1 byte of nametable can fill 8x8 pixels
this could make superfast polygons
if one manages to sort out the corner cases
In the case of the 8-bit Stunt Car Racer it's actually a relatively easy problem such as I can make out. I really think all it's doing is picking the half a dozen-ish floor segments to draw, performing the actual 3d maths on their top parts, then for each from back to front performing a fill from the bottom of the screen to their upper boundary, and drawing on the appropriate lines (i.e. if that top segment is front facing, all of them; otherwise only those attached to the highest edge and possibly some down the side of the track from any highest edge that is also a side). So the sky is one colour or pattern, the floor and track are another, the top segment boundaries are added for definition.
So you could arrange it so that the filling task at each floor panel is just: between x1 and x2, fill from the bottom of the screen up to the values in the computed table h[x1...x2]. So anything between (x1+7) >> 3 and x2 >> 3 is a completely enclosed column of tiles. Compute (min(h[c1 ... c8]) + 7) >> 3 to get the first tile boundary below the lowest entry in that column. Tile fill up to there. Go tile internal only for the heights above that min, and from bottom of screen to top for anything between x1 and (x1 + 7) >> 3, and between (x2 >> 3) and x2.
Then add the lines, which will involve some sort of process for each tile touched of checking whether it is currently one of the special completely solid ones and if so then substituting another. Though I don't appear to have a good instinctive sense for whether it'd be better to have a fixed allocation from screen location to tile or whether to allocate them on demand. The latter could reduce upload costs but either bookkeeping is a hassle or you risk exhaustion given the possibility that you might claim a screen tile for new drawing, draw on it, replace it with a solid one later, then claim it again for new drawing, etc.
EDIT: as an additional observation, because you need to know only the top edge of each segment and are assuming the camera to be close to upright, a further observation is that you never need worry about full polygon clipping, only individual edge clipping.
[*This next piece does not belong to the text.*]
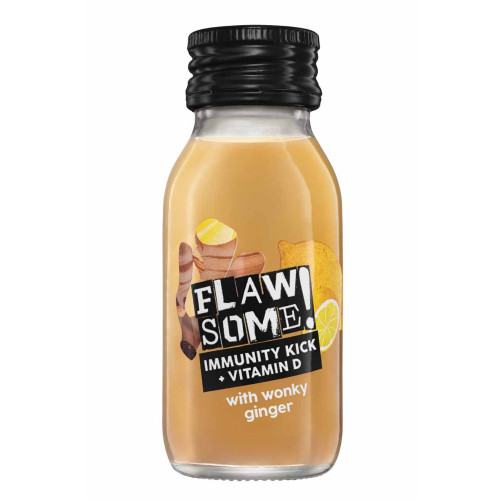 T4113021 - Flawsome! Immunity Kick Vitamin D Ginger Shot 12 x 60ml.jpg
Which makes life a lot easier. When last I implemented that on a Z80 I naively went with a full multiply/divide solution but I'm sure binary search would work. Don't worry about the far clip plane and the only things to clip to are z=1, z=+x, z=-x, z=+y, z=-y, doing each line separately. So per line grab a bit mask of disobeyed constraints then AND them. If that's non-zero, throw away the line. If not then OR them. While that OR is non-zero, shift it right and for each non-zero bit perform the bisection to find the point on the line that matches the constraint. Substitute it for whichever point was in violation and continue. When done, project and draw.
The main problem would be squeezing two video buffers into VRAM
one can have two buffers in the charset mode mindset
render in halve a charset while showing the other halve charset
doublebuffering via the nametable
If we're embracing monochrome graphics anyway, maybe even the unofficial screen 0 with three segments mode? Definitely documented as 9938 incompatible, but more compact and the big win is that you're never more than 2/171ths of a line away from a VRAM access window. So the CPU can push as fast as it can push at any time. But the addressing turns into a hassle, you still can't have completely unique pixel images unless you restrict yourself to 192 pixels across, and if you think about it then it amounts to you having to upload 25% more data than is actually visible, as two bits out of every eight aren't visible. So pushing faster also buys you the need to push more. And at any likely frame rate, being constrained to VRAM access during only the non-pixel portion of the display quite likely isn't the bottleneck.